- _Web page caption snippets_:
%%
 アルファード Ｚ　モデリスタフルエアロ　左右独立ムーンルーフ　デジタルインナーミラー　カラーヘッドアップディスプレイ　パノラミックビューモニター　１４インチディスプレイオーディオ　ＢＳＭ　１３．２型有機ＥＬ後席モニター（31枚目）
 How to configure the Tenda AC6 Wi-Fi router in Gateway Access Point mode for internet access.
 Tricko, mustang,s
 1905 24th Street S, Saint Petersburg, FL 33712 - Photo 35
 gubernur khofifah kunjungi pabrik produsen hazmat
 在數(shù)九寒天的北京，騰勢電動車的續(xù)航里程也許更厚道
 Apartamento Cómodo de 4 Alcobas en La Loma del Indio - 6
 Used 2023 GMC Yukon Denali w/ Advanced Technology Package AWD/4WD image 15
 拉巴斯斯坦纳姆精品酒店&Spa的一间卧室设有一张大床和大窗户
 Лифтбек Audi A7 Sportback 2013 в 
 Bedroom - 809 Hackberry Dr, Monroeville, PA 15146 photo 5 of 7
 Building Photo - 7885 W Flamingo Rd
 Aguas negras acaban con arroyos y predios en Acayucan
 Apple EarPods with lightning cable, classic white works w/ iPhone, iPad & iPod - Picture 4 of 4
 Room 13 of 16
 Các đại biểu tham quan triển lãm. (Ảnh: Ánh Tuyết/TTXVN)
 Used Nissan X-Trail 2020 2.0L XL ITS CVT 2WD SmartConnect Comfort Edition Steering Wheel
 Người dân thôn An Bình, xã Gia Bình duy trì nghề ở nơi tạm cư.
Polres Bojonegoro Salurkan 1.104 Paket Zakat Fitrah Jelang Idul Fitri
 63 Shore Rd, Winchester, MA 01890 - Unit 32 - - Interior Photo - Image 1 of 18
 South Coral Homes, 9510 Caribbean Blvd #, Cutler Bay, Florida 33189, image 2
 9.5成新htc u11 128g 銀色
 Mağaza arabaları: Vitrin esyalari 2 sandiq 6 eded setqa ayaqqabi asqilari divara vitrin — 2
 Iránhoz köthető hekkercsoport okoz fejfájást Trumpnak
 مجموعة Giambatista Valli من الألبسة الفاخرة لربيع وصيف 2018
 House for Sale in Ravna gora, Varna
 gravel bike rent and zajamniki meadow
%%
- _ACTIVITY_:
Each line that contains the string "Used" should be copied from the data above.

- _TASK ANSWER_:
 Used 2023 GMC Yukon Denali w/ Advanced Technology Package AWD/4WD image 15
 Used Nissan X-Trail 2020 2.0L XL ITS CVT 2WD SmartConnect Comfort Edition Steering Wheel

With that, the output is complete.